The first two instalments of the Sustainable Agriculture and Climate Change workshop have been successfully completed.
Organised jointly by the United Nations Food and Agricultural Organization (FAO) and the Caribbean Agricultural Research and Development Institute (CARDI), the training sessions took place this week at CARDI’s facility at Betty’s Hope.
The event, facilitated by CARDI representative Paul Lucas, saw over 30 farmers learn about various techniques and technological interventions which can help to combat the effects of climate change and prolonged droughts.
“Participants were introduced to drought resistant varieties of plants and tubers such as sweet potato and cassava.
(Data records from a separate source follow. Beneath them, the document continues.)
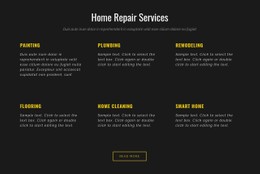CSS Layout For Residential Services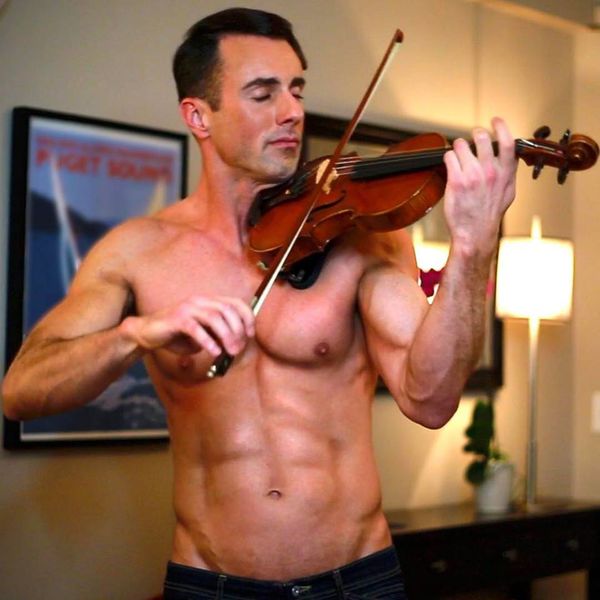 Shirtless Violinist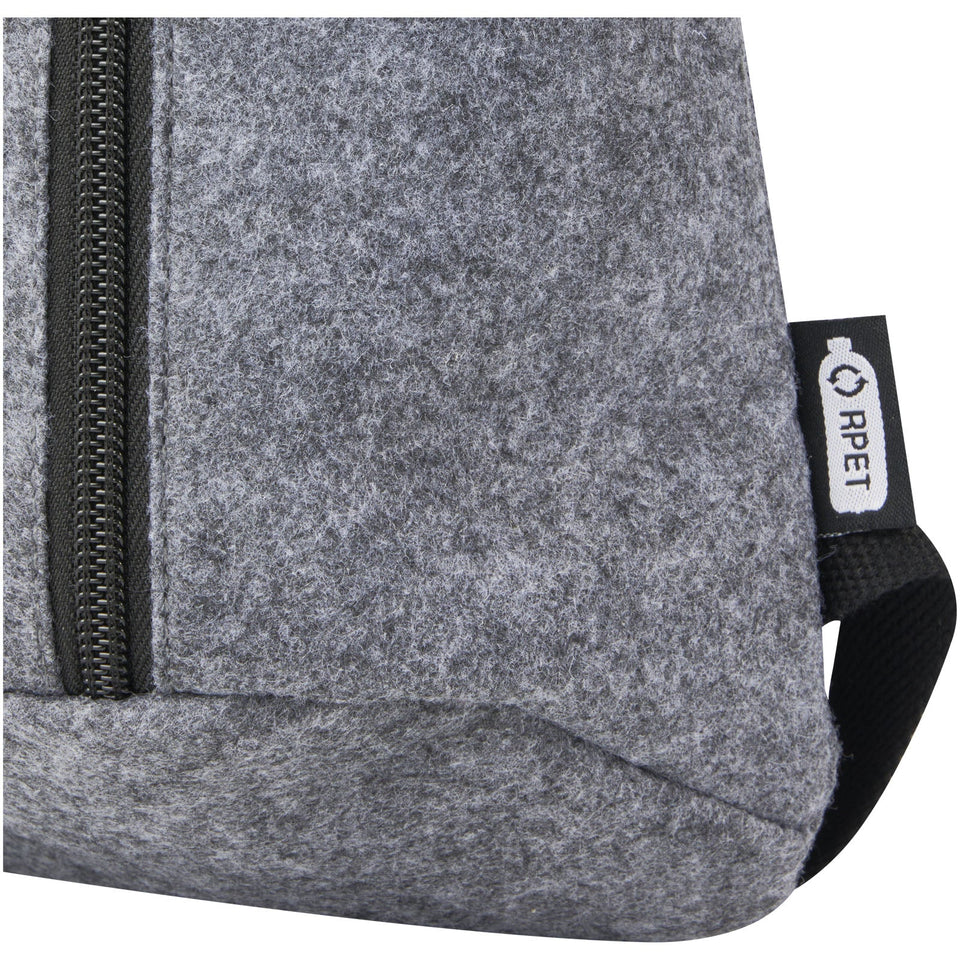 Zaino termico in feltro riciclato certificato GRS Felta - 7L personalizzato con logo - Pubblienne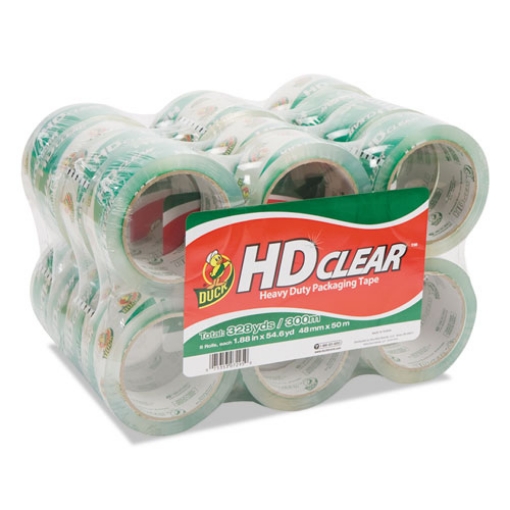 Picture of Heavy-Duty Carton Packaging Tape, 3" Core, 1.88" X 55 Yds, Clear, 24/pack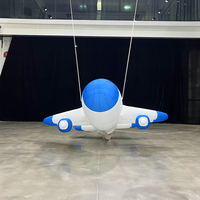 Avion gonflable géant personnalisé en tissu Oxford, avion gonflable de dessin animé, avion gonflable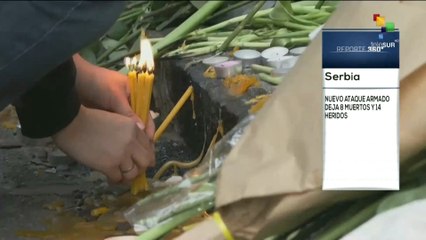 Reporte 360º 05-05: Nuevo ataque armado en Serbia deja 8 muertos y 14 fallecidos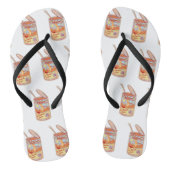 Tin von Spaghetti Dosenfutter patteren Badesandalen (Fußbett)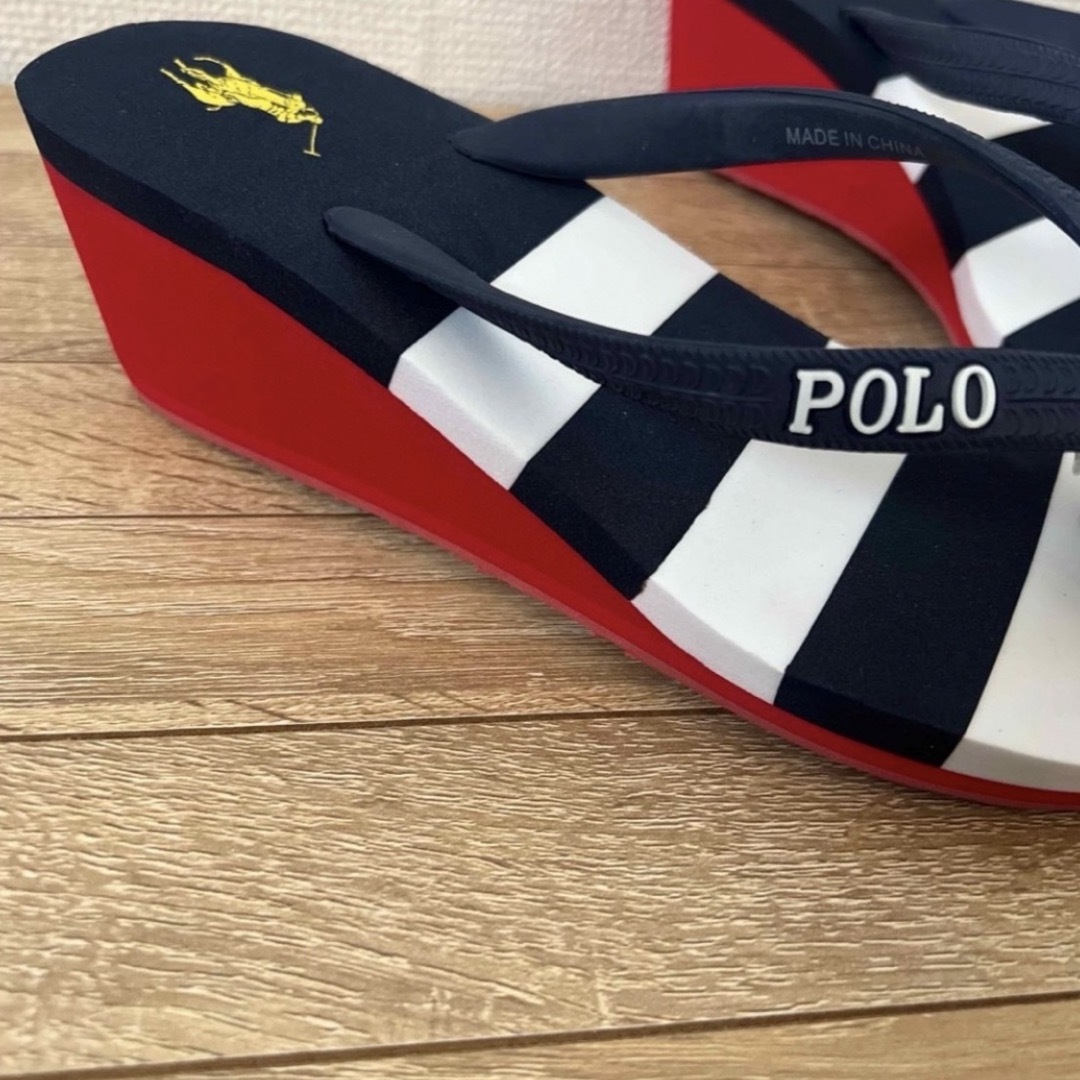 POLO RALPH LAUREN(ポロラルフローレン)の●新品●Polo Ralph Lauren サンダル 厚底 25cm レディースの靴/シューズ(サンダル)の商品写真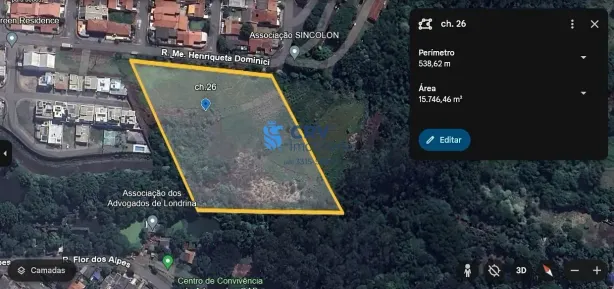 Lote/Terreno à venda, 15750m² no Lagoa Dourada, Londrina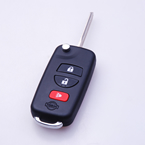 Nissan Livina,Tiida 3 Button Flip Remote Key Shell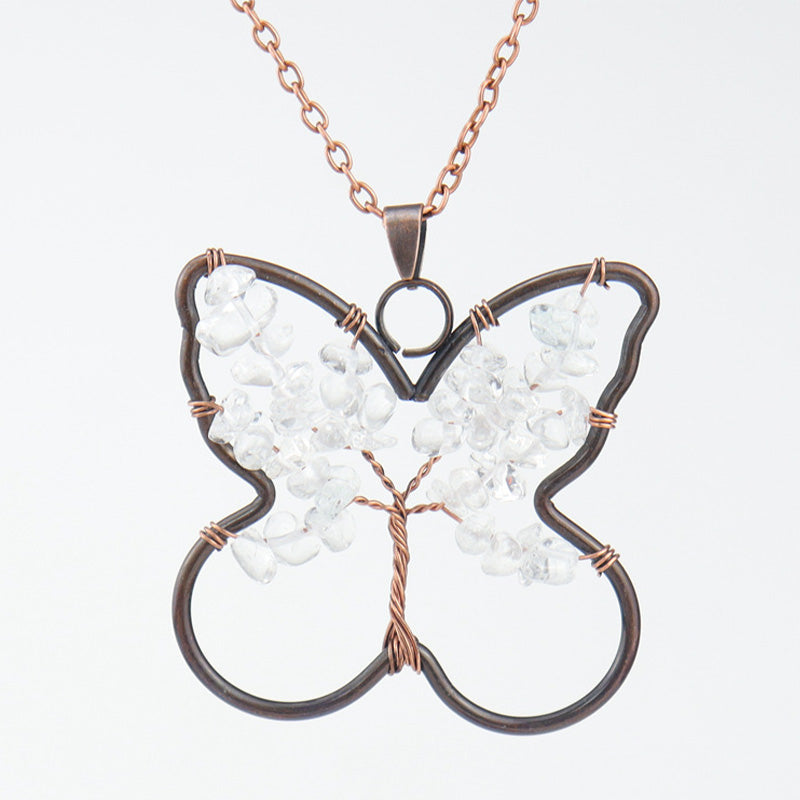 Collier de guérison Chakra Papillon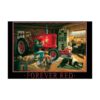 Tractor forever red - metalen bord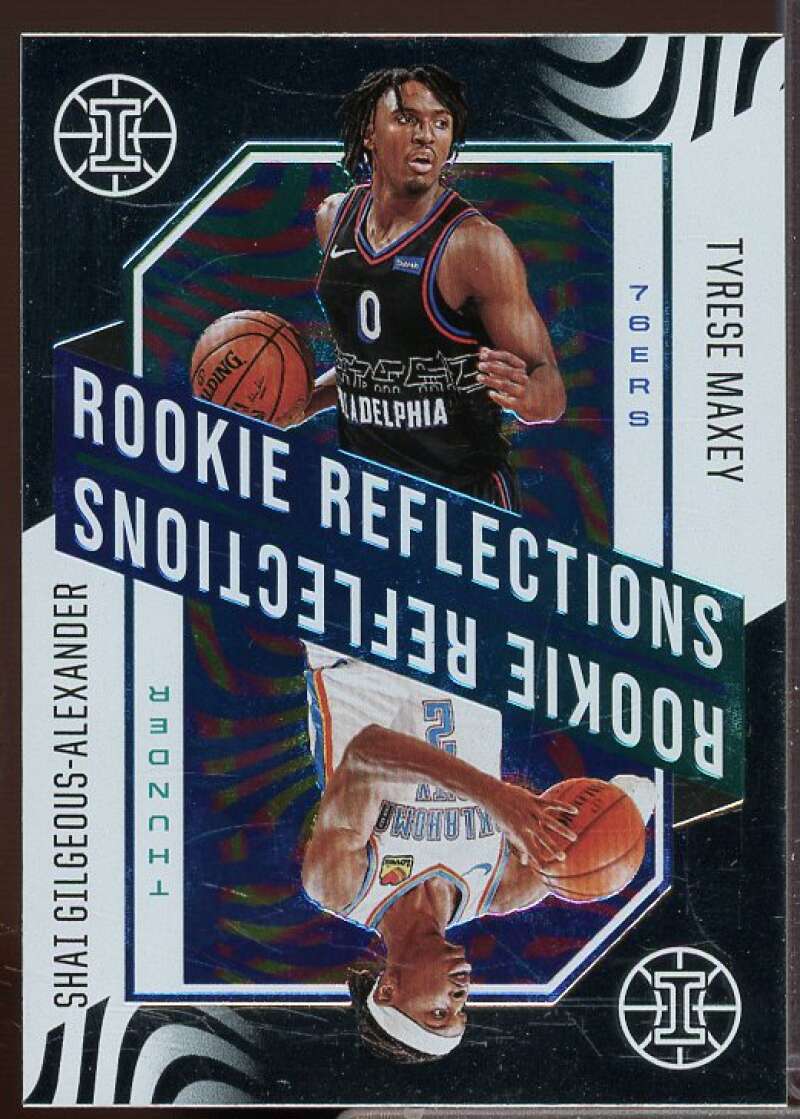 Shai Gilgeous-Alexander/Tyrese Maxey 2020-21 Illusions Rookie Reflections #7  Image 1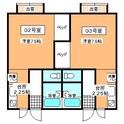 ルシール陣川の間取図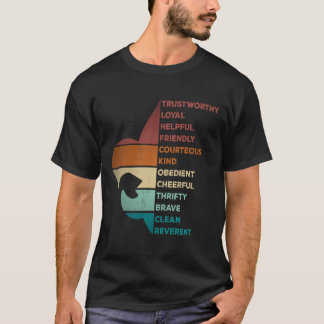 Cool Retro Vintage Style Scouting Law T-Shirt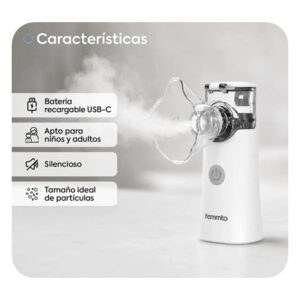 Nebulizador Portátil Inalámbrico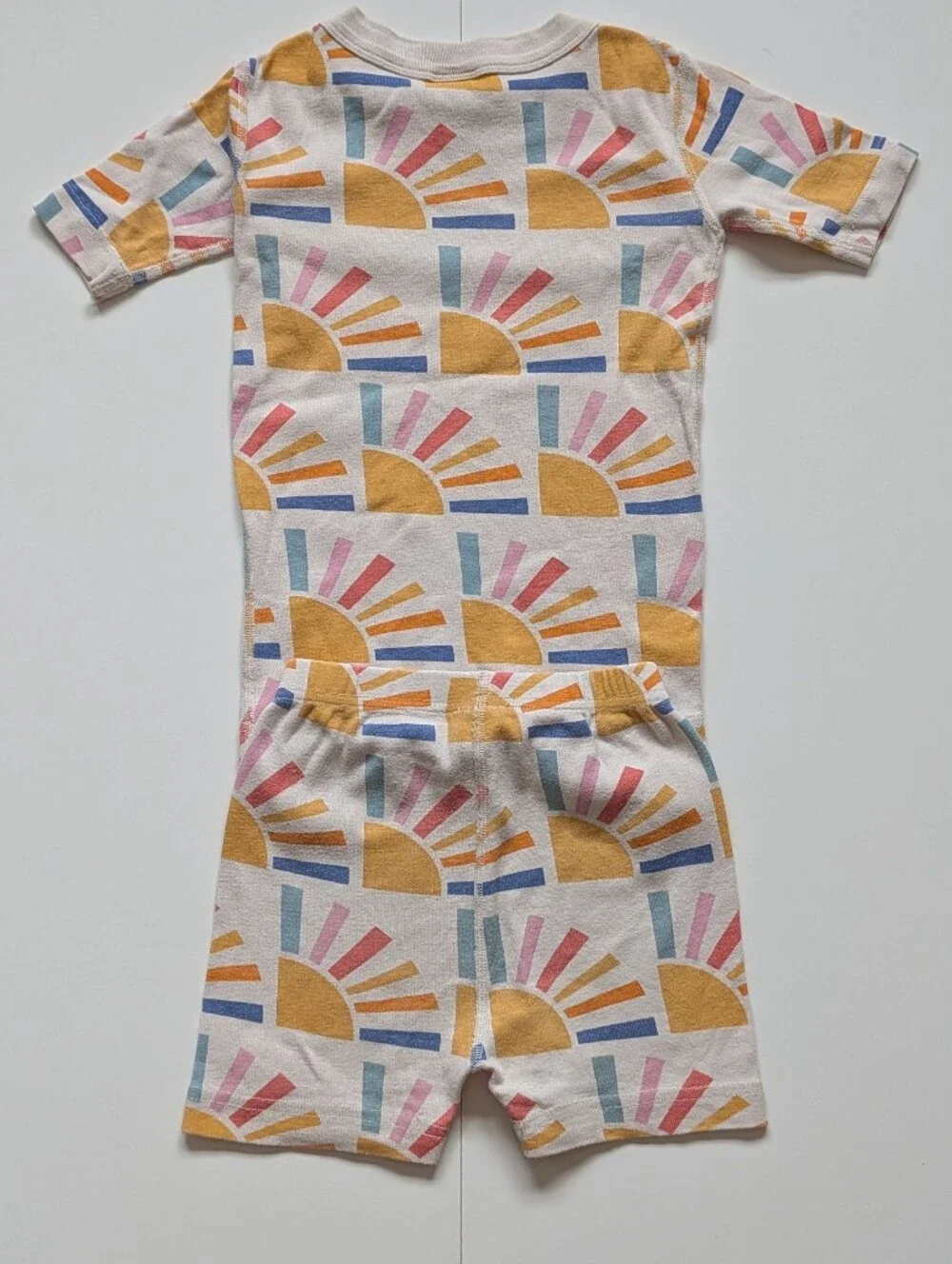Hanna Andersson Girls Short Johns Pajamas Lot of 2 Size 5
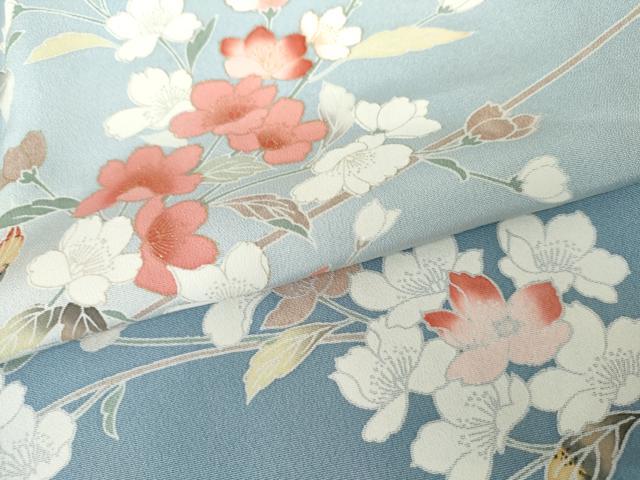 平和屋着物●訪問着　枝花文　暈し染め　金彩　正絹　逸品　AABG3510cs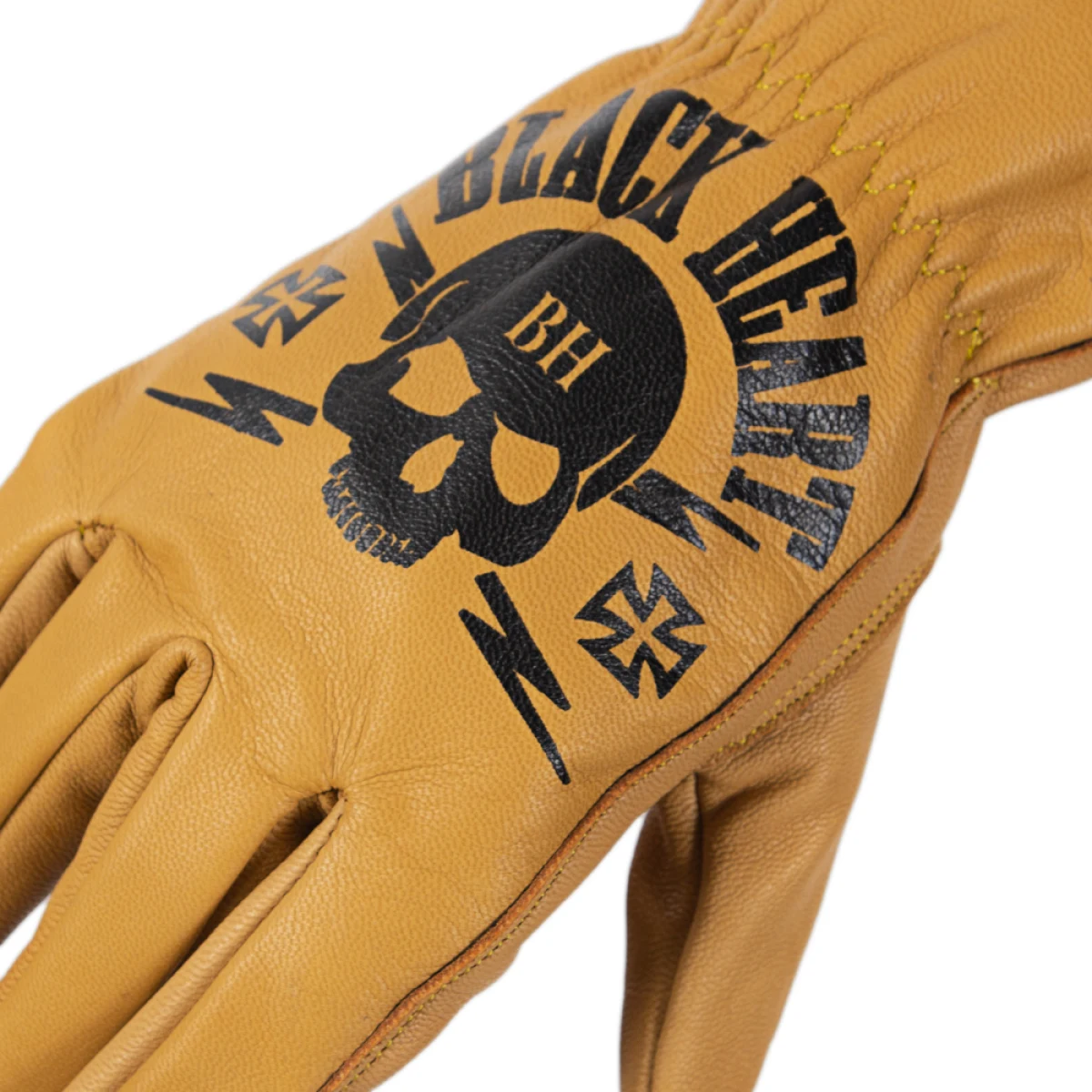 W-TEC Black Heart Skull Gloves camel - 3XL · záber 5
These are varieties specially bred to survive in conditions with less water availability, where their otherwise standard varieties would not,” workshop coordinator, FAO representative, Mali Barnes stated.
He said the farmers were even given free samples of these hardier plant varieties which they can grow and experiment with on their farms.
Barnes described the farmers as “very enthusiastic” and expressed satisfaction with the high level of participation and engagement.
The event was opened with remarks from Director of Agriculture, Gregory Bailey, who highlighted the timeliness of the workshop and the need for farmers to employ creative means to counter the impacts of climate change.
The workshop series continues on 27th and 28th February and will culminate with a final training session in Barbuda on 6th March.